Over a two-year period, from 2010 to 2012, researchers used a variety of buoys, sensors, and in-situ measurements of coral growth to study two distinct reef environments in Bermuda. Armed with a vast amount of data, they then employed detailed modeling (known as Structural Equation Modeling, or SEM) to investigate both the individual impacts and the combined—or interactive—effects of environmental variables on the calcification rates of corals in the marine environment.

Despite the paper’s authors being separated by many miles, and in some cases an entire ocean, a clear-cut division of labor helped ensure a seamless collaboration. Andreas Andersson, a chemical oceanographer with Scripps Institution of Oceanography and adjunct faculty member at BIOS, has served as the project lead since working at BIOS from 2007 to 2011. During that time, he was principal investigator, along with co-principal investigators Bates and de Putron, on the original grant that began the project: the Bermuda Ocean Acidification and Coral Reef Investigation (better known as BEACON).

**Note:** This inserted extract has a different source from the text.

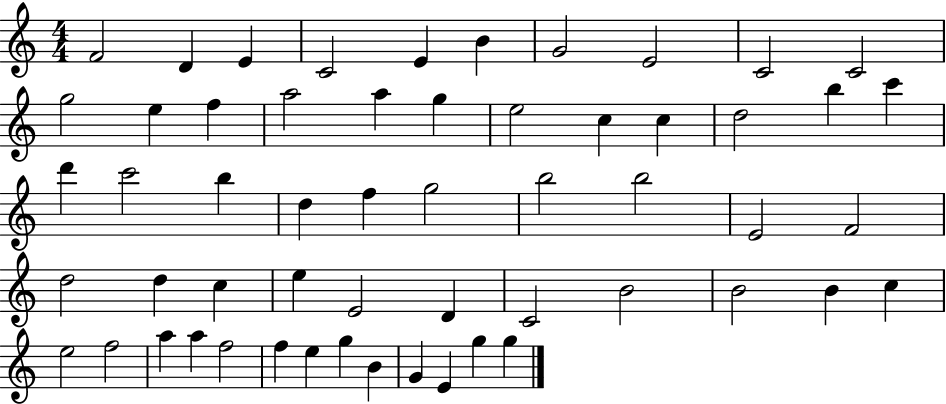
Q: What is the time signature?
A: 4/4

Andersson, along with Collins, de Putron, Garley, Noyes, and multiple interns over the years, collected the core of the data used in the manuscript, with additional data from the Bermuda Atlantic Time-series Study contributed by Bates and Johnson.

The study’s results suggest that, at least in Bermuda, coral calcification is influenced more by temperature than by other factors, such as pH. But graduate student Travis Courtney, who works with Andersson, places a stipulation on this. He points out that if warming is too excessive or occurs too fast, the corals reach a tipping point at which growth stops and bleaching occurs.

“This study gives researchers a better understanding of how reef systems might change or adapt in response to climate change,” said Noyes, a research specialist in the Coral Reef Ecology and Optics Lab at BIOS. “The indication that reefs can shift to a stress-tolerant community does provide hope, as well as an incentive for continuing to strive to reduce carbon dioxide emissions on a global scale.”